Unfortunately, this creates hesitation, especially for those who have referred their new opinions to be of “visceral dislike.”
To others, iOS is no more than a pretty new trend with lots of new and attractive features. For instance, the camera can now be focused in holding down the button that lowers volume, and multiple pictures can be taken through pushing the same button and quickly releasing it to take multiple photos.
Another feature receiving attention was the new method of turning off apps. Now, turning off an app requires users to press the home button twice as they normally did to find the multitasking screen, but now they simply swipe apps upwards, and watch them fly off the screen.
These new features have been referred as copying the “flat” trend from other brands like Samsung and Microsoft, describing the ever so uniform characteristics it seems all of technology is now adapting to.
Local students have agreed with the talk of “copying” from other brands that Apple has done. Hector Reyes ’17 of Bridgeport, CT, says, “[iOS 7 and Windows 8] look exactly the same because they are taking most stuff from Android”.
Similarly, Devin Menge ’17 of Danbury, CT, recommends smartphone users to buy a Windows 8 phone instead “because that’s who they’re biting off of.” To prove his point, Menge shows a picture of his own Windows 8 keyboard to show that, “the iOS keyboard looks exactly like this”.
Hue Ha ’17 of Danbury, CT has also noticed the “flat” trend in technology lately, but states simply, “All systems tend to revolve around the same format and ideas. They just add more stuff to look unique.”
What Ha noticed is true: the world of technology tends to pull from each others’ ideas to create their own. However, in looking back to Apple’s first few products, one can recall the new “buttonless world” years ago to have been Apple’s idea; other brands were simply sticking to have physical keys for typing.
This provokes the thought that maybe Apple is really the one everyone else is copying ideas from. Gentry Underwood, co-founder of Mailbox and former IDEO designer, reports a pattern he has noticed between Apple and the other phone brands on Wired.com, in which he says, “Apple led; [developers] followed”.
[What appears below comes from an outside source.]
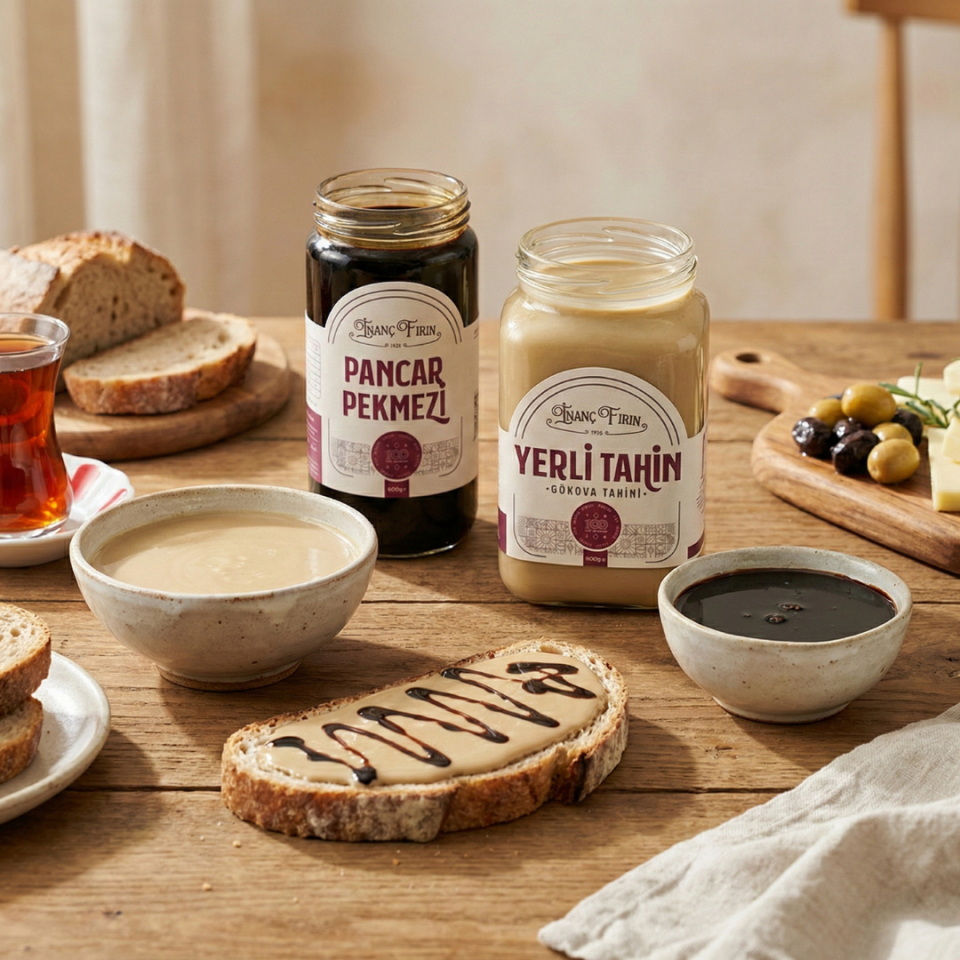 Yöresel Kahvaltı Paketi: 1 Kg Yerli Tahin & 600 gr Pancar Pekmezi (Siyez Ekmeği Hediye)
On the contrary, other students enjoy the change Apple has brought to its software. “I really like how it looks…cleaner and neater. I like the new backgrounds a lot”, says Dana Fotheringham ’16.
Nevertheless, Apple may not have brought much novelty to the table this time around, but they did gain attention for improvements in many aspects of their original design for the products. Apple has always had a method of design known as skeuomorphism, or having a design in which their apps tend to want to imitate real objects.
For example, their voice memo app had the image of a microphone. Now, the company has focused on making it more useful in replacing the image with a sound wave, in which users can now see their volume levels throughout their voice memo.
This new method of designing their apps prevents users from distraction with how “cute” something may be, helping them focus more on getting to accomplish whatever it is they need to do.
Underwood agrees: “They’re delightful for themselves, and they’re delightful in a new way … It makes me wonder how much we have been missing building fake versions of tape players and paper shredders.”
In fact, this new design has people loving the color scheme, as well as the fact that “the formatting is much more neat and organized” than previous versions, and they love to “just roll between apps” across the screen.
What it all comes down to is the big question: will users really be happier with their upgrade? So much controversy has had the new system decrease the amount of user upgrades over time, which has never happened with iOS 6 or their other versions. At this point, there is no real answer, but the attention speaks for itself.